So far, I have only extracted data from tables using Tabula. I was delighted to find out, that there is a package that lets me automate this process with R.
As a use case, we are going to read in some data about movie admissions in Switzerland. You can find an example PDF here or in the public Github repo, where also the final code lies.
Meet tabulizer
The docs look very straight forward – I was sure I’d be up and running within minutes, or so I thought…
⚠️ tl;dr: I do not recommend using tabulizer for most use cases. If you still want to see it in action, read along.

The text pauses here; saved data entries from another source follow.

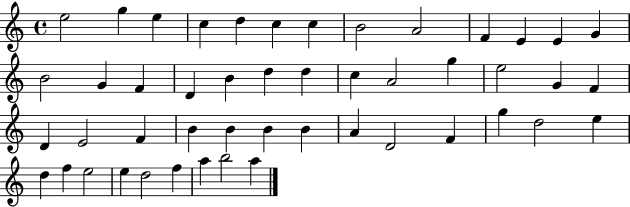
E5/h G5/q E5/q C5/q D5/q C5/q C5/q B4/h A4/h F4/q E4/q E4/q G4/q B4/h G4/q F4/q D4/q B4/q D5/q D5/q C5/q A4/h G5/q E5/h G4/q F4/q D4/q E4/h F4/q B4/q B4/q B4/q B4/q A4/q D4/h F4/q G5/q D5/h E5/q D5/q F5/q E5/h E5/q D5/h F5/q A5/q B5/h A5/q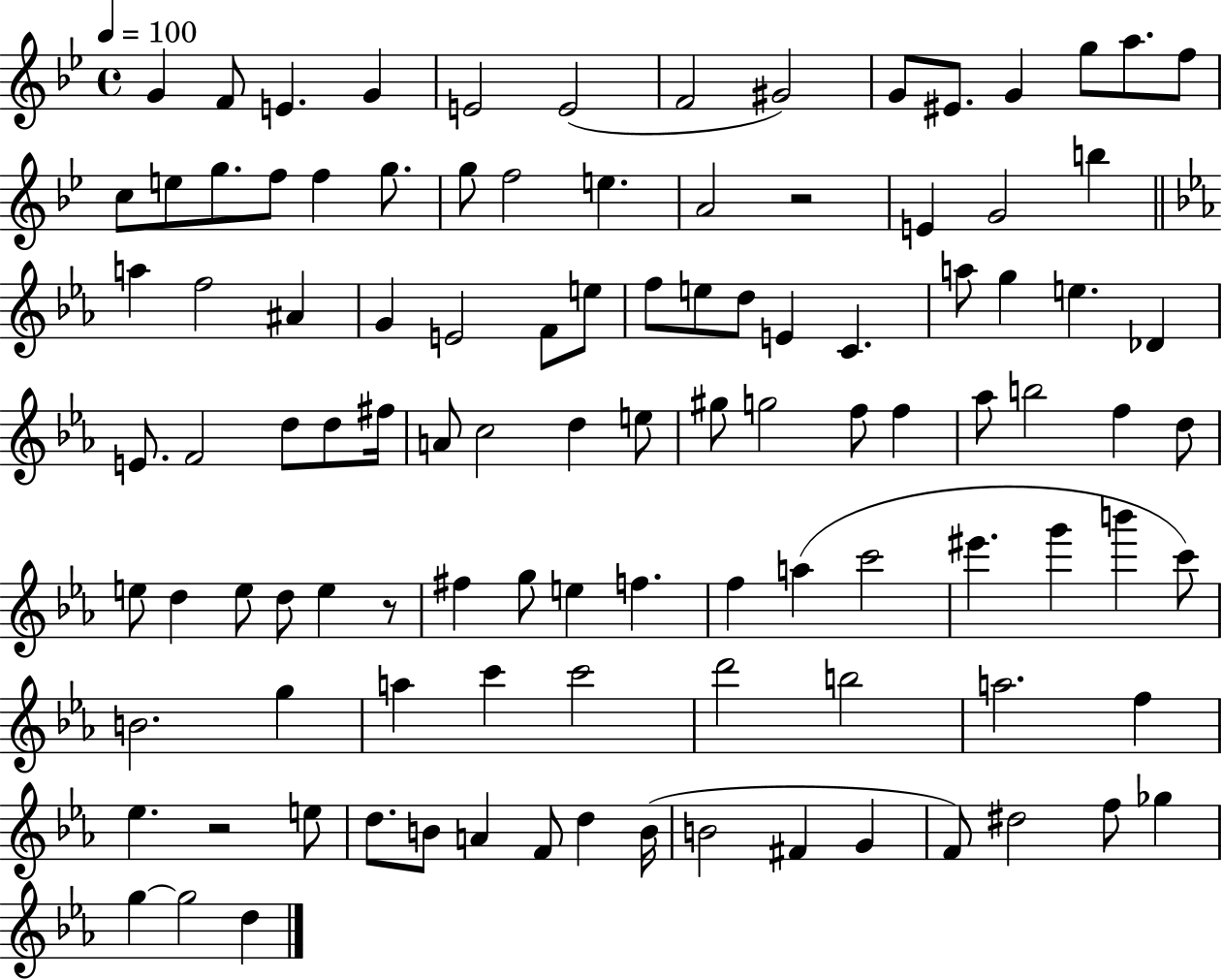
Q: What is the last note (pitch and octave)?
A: D5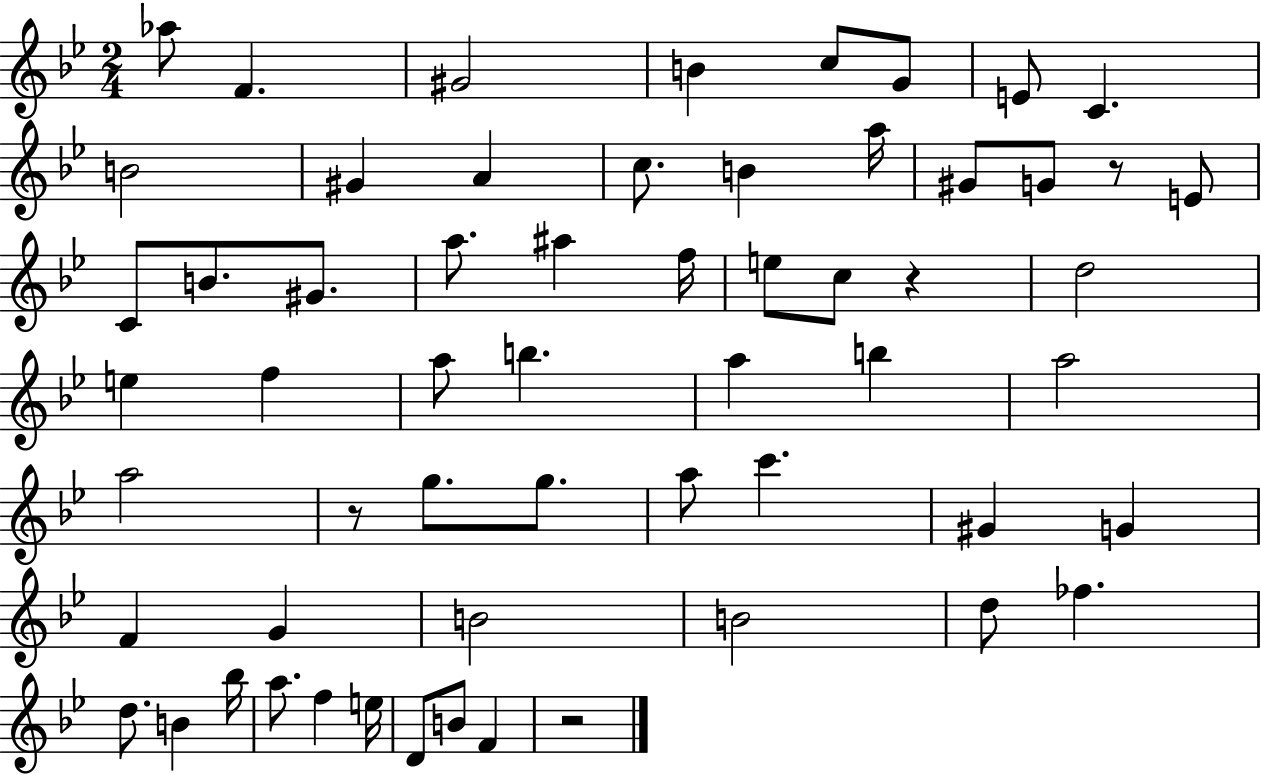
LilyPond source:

{
  \clef treble
  \numericTimeSignature
  \time 2/4
  \key bes \major
  aes''8 f'4. | gis'2 | b'4 c''8 g'8 | e'8 c'4. | \break b'2 | gis'4 a'4 | c''8. b'4 a''16 | gis'8 g'8 r8 e'8 | \break c'8 b'8. gis'8. | a''8. ais''4 f''16 | e''8 c''8 r4 | d''2 | \break e''4 f''4 | a''8 b''4. | a''4 b''4 | a''2 | \break a''2 | r8 g''8. g''8. | a''8 c'''4. | gis'4 g'4 | \break f'4 g'4 | b'2 | b'2 | d''8 fes''4. | \break d''8. b'4 bes''16 | a''8. f''4 e''16 | d'8 b'8 f'4 | r2 | \break \bar "|."
}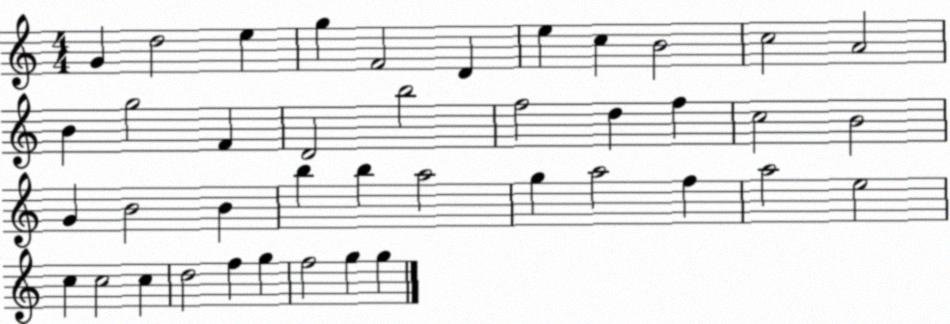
X:1
T:Untitled
M:4/4
L:1/4
K:C
G d2 e g F2 D e c B2 c2 A2 B g2 F D2 b2 f2 d f c2 B2 G B2 B b b a2 g a2 f a2 e2 c c2 c d2 f g f2 g g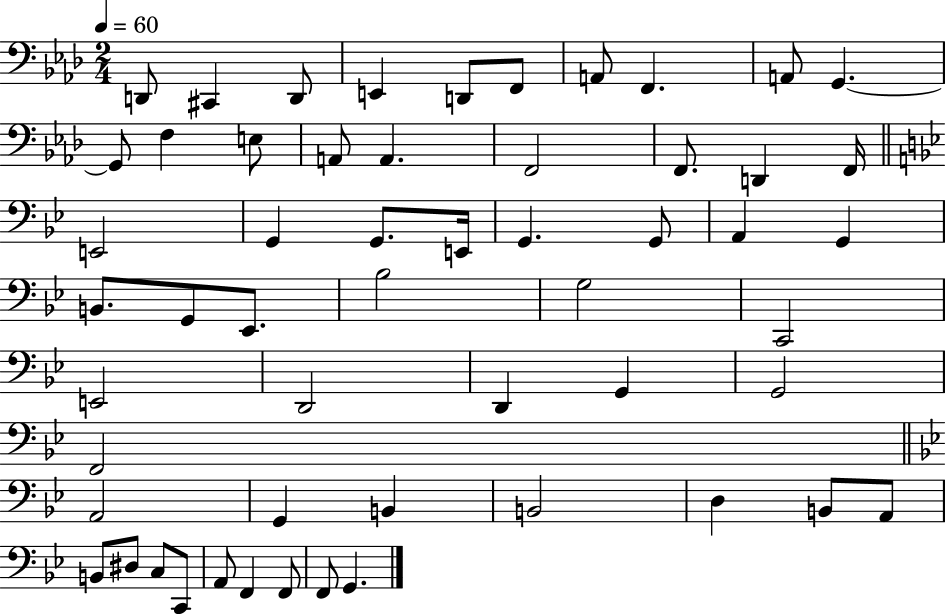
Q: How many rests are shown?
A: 0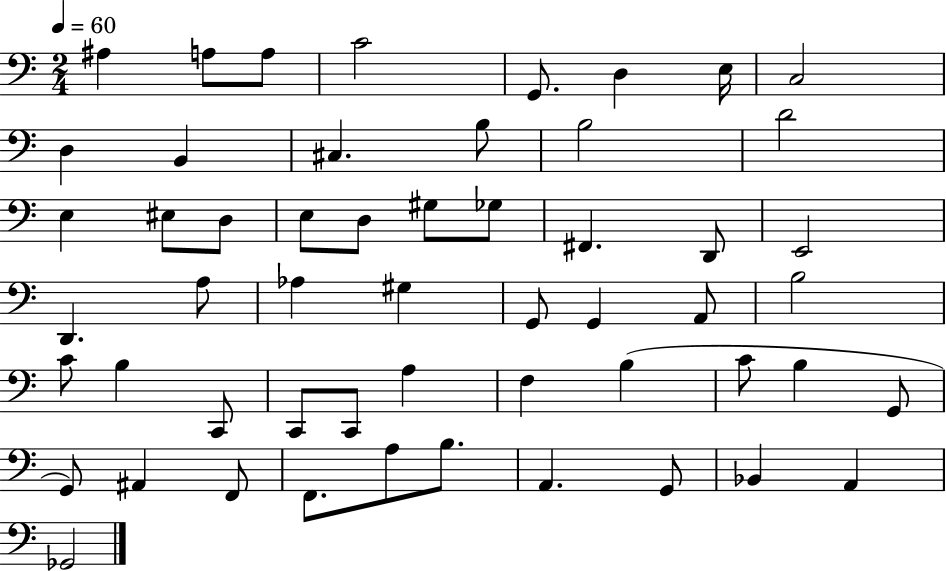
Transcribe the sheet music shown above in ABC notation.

X:1
T:Untitled
M:2/4
L:1/4
K:C
^A, A,/2 A,/2 C2 G,,/2 D, E,/4 C,2 D, B,, ^C, B,/2 B,2 D2 E, ^E,/2 D,/2 E,/2 D,/2 ^G,/2 _G,/2 ^F,, D,,/2 E,,2 D,, A,/2 _A, ^G, G,,/2 G,, A,,/2 B,2 C/2 B, C,,/2 C,,/2 C,,/2 A, F, B, C/2 B, G,,/2 G,,/2 ^A,, F,,/2 F,,/2 A,/2 B,/2 A,, G,,/2 _B,, A,, _G,,2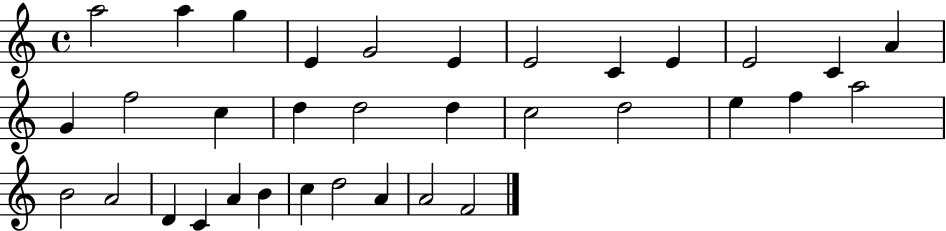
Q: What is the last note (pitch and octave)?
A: F4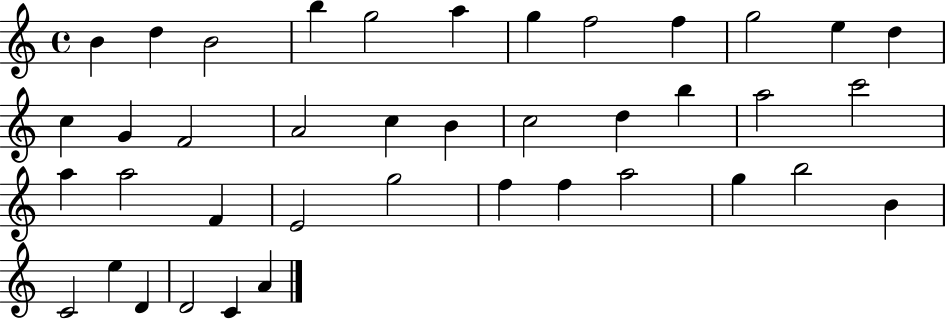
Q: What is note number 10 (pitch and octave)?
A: G5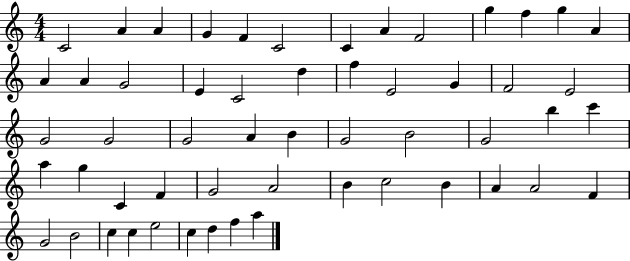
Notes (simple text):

C4/h A4/q A4/q G4/q F4/q C4/h C4/q A4/q F4/h G5/q F5/q G5/q A4/q A4/q A4/q G4/h E4/q C4/h D5/q F5/q E4/h G4/q F4/h E4/h G4/h G4/h G4/h A4/q B4/q G4/h B4/h G4/h B5/q C6/q A5/q G5/q C4/q F4/q G4/h A4/h B4/q C5/h B4/q A4/q A4/h F4/q G4/h B4/h C5/q C5/q E5/h C5/q D5/q F5/q A5/q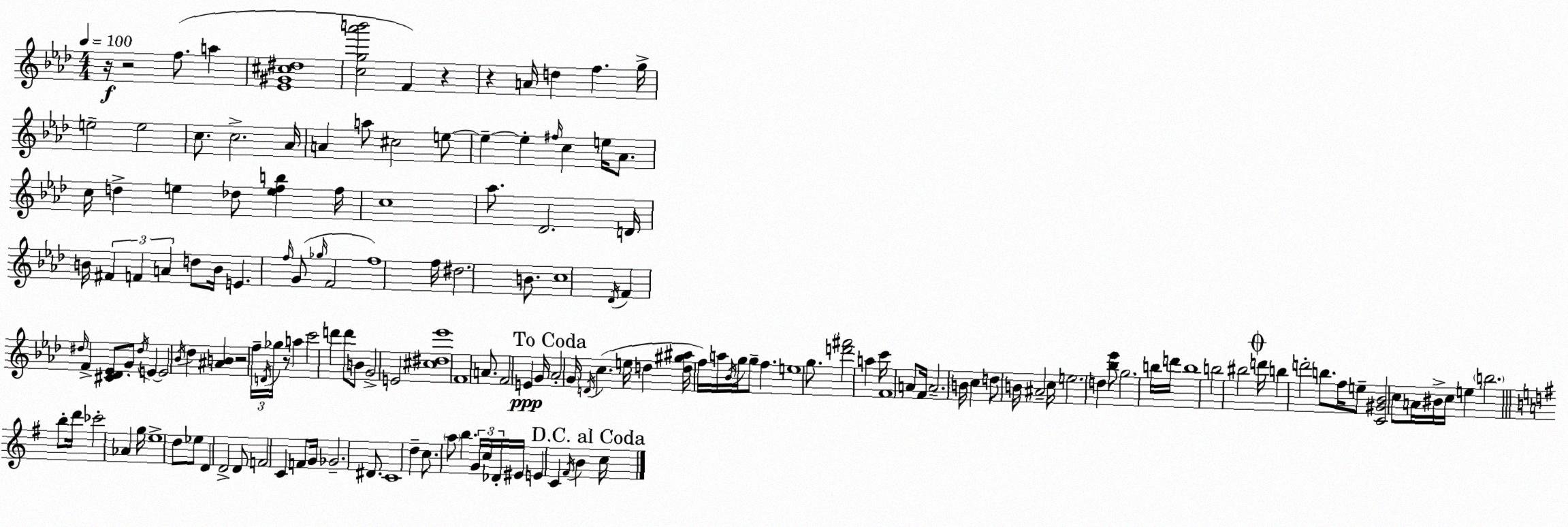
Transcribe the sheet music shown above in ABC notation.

X:1
T:Untitled
M:4/4
L:1/4
K:Ab
z/4 z2 f/2 a [_E^G^c^d]4 [cg_a'b']2 F z z A/4 d f g/4 e2 e2 c/2 c2 _A/4 A a/2 ^c2 e/2 e e ^f/4 c e/4 _A/2 c/4 d e _d/2 [efb] f/4 c4 _a/2 _D2 D/4 B/4 ^F F A d/2 B/4 E f/4 G/2 _g/4 F2 f4 f/4 ^d2 B/2 c4 _D/4 F ^d/4 F [^C_D_E]/2 G/2 ^d/4 E E2 _B/4 _d [^AB] z2 f/4 D/4 _g/4 z/2 a c'2 d' d'/2 B/2 G2 E2 [^c^d_e']4 F4 A/2 F2 E G/4 _A2 G/4 D/4 c e/4 d [d^g^a]/4 f/4 a/4 _B/4 g/4 g/2 f e4 g/2 [d'^f']2 a c'/4 F4 A/2 F/4 A2 B/4 c d/2 B/4 ^A2 c/4 e2 d [_b_e']/2 g2 b/4 d'/4 b4 b2 ^b2 d'/4 b d'2 b/2 f/4 e/2 [C^G_B]2 c/2 A/4 ^B/4 c/4 e b2 b/2 d'/4 _c'2 _A g/4 e4 d/2 _e/2 D D2 D/2 F2 C F/2 G/4 _G2 ^D/2 C4 d c/2 a/2 b G/4 c/4 _D/4 ^E/4 E C ^F/4 B c/4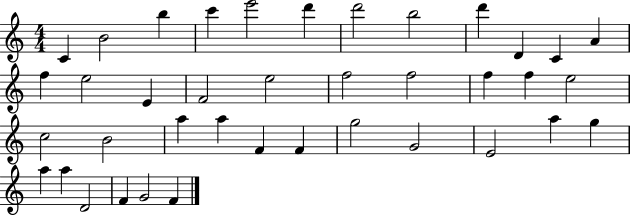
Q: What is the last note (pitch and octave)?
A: F4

Otherwise, you might as well skip to the next chapter.
Unfortunately to run tabulizer we first need to get rJava running.
Install Java
I am using Mac OS, so I’ll guide you through the steps you need to take on this platform:
When I tried to load tabulizer, I got the following error: rJava.so Reason: image not found). I checked if I have Java installed on my computer by typing java -version into my terminal.
If it is not installed, get the Java Development Kit from Oracle here. As of May 2019, I needed Version 11, not the latest one which would have been 12. I installed that one first and ran into the error WARNING: Initial Java 12 release has broken JNI support and does NOT work. Use stable Java 11 (or watch for 12u if available).
Also, check if your JAVA_HOME is set correctly by typing echo $JAVA_HOME in your Terminal. It should return the location of your Home (in my case that’s /Library/Java/JavaVirtualMachines/jdk-11.0.3.jdk/Contents/Home)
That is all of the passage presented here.